George Dyson, a science historian, asks how we went from having no computers to having many in such a small amount of time period in his book, Turing’s Cathedral.
Dyson, the son of scientist Freeman Dyson, has spent a lot of his life at the Princeton Institute for Advanced Studies. The institute was home to several of the world’s most impressive scientific minds while the first digital computer was being created.
Turing’s Cathedral explores the invention of the computer, emphasizing the clashing personalities that were thrown together to work on the project. Additionally, it explores what was involved in the creation of the computer, much of which was chance.
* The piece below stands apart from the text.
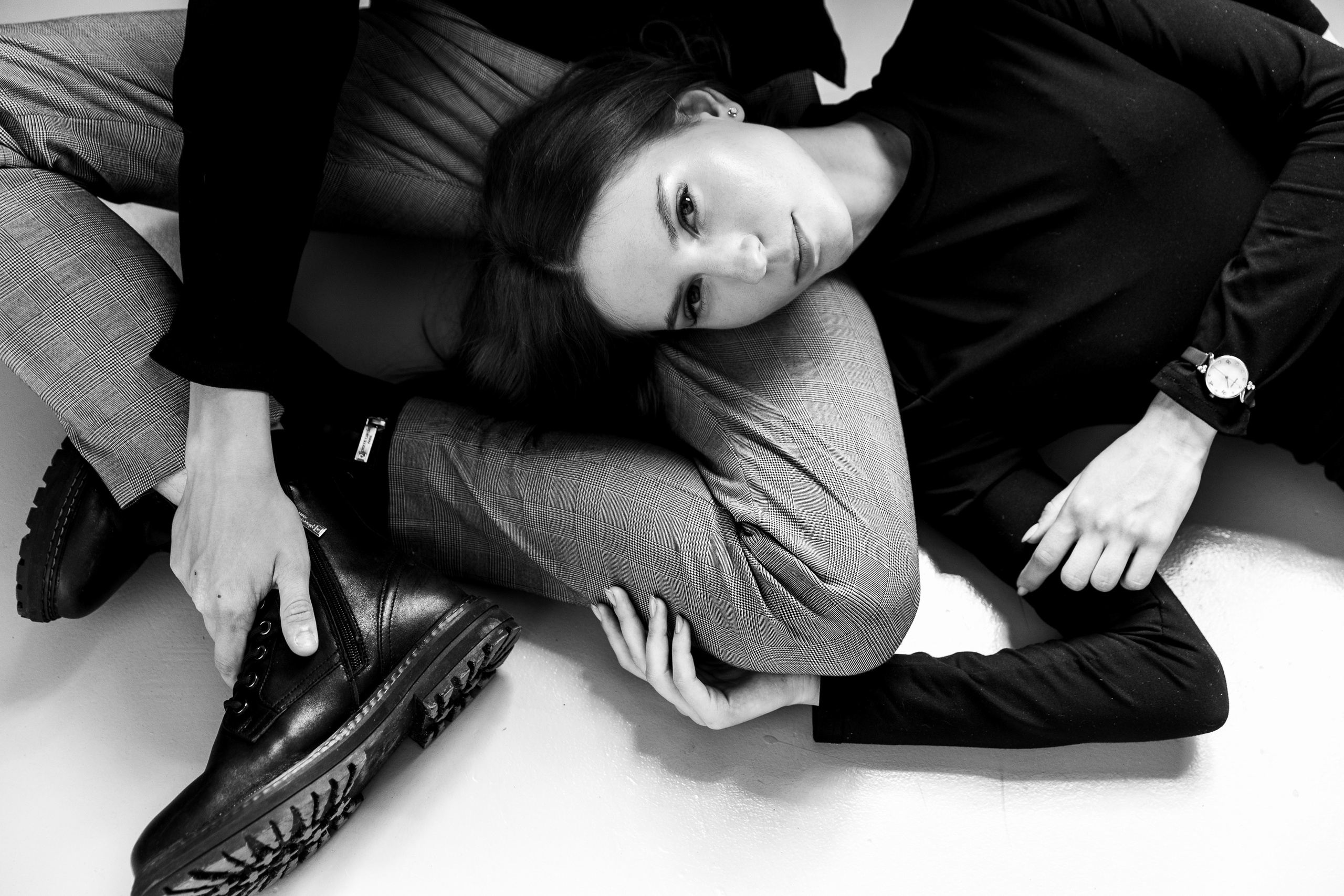 Алиса и Саша. Фотограф Шейдаев Эмин г. Волгоград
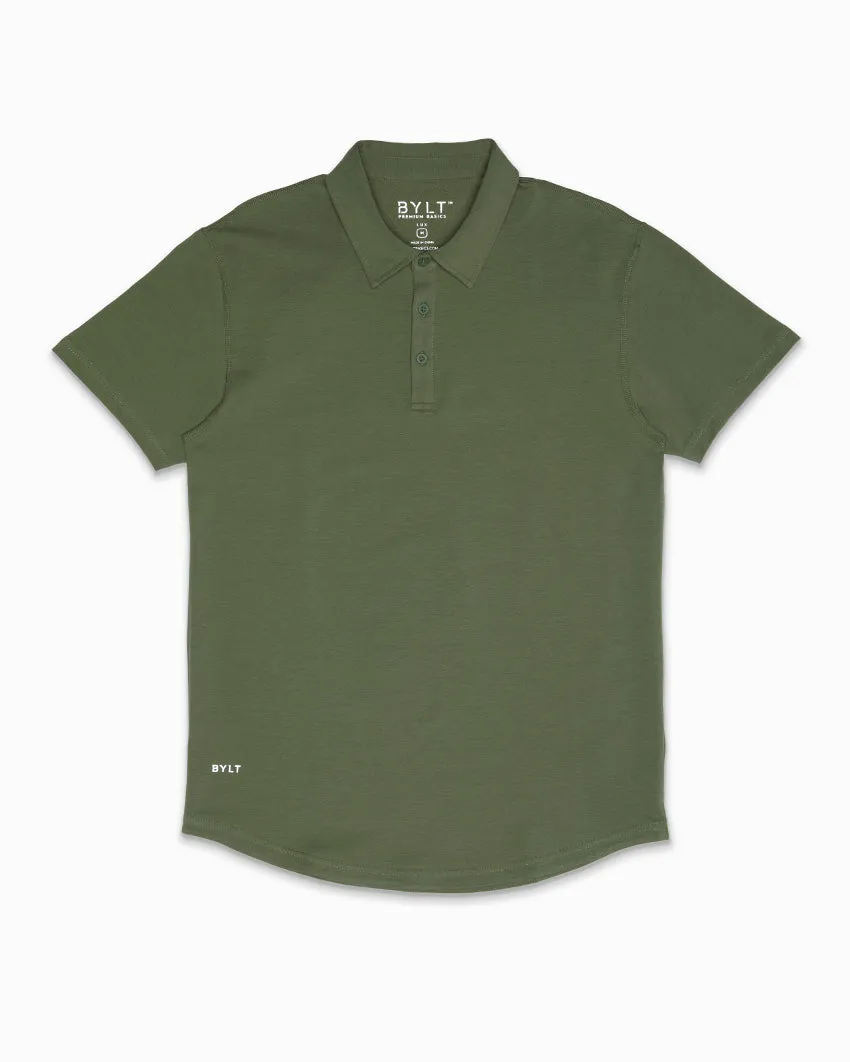 Drop-Cut: LUX Polo (Size S)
Genius or not, people are still people, and when working tightly on the same project there are bound to be rivalries and disagreements that happen. Turing’s Cathedral lays these matters open, displaying the humanity of the scientist that came up with the first computer.It wasn’t just the personal disputes that needed to be put aside to make this project successful; there were also ethical issues involved. The work that went into the development of the computer walked hand in hand with the U.S. nuclear weapons project.
You might have the notion that a history book about computers will not only be dry but probably full of technical jargon. This is not the case with Turing’s Cathedral; most people who use computers will find this book fascinating. And that is a lot of people these days.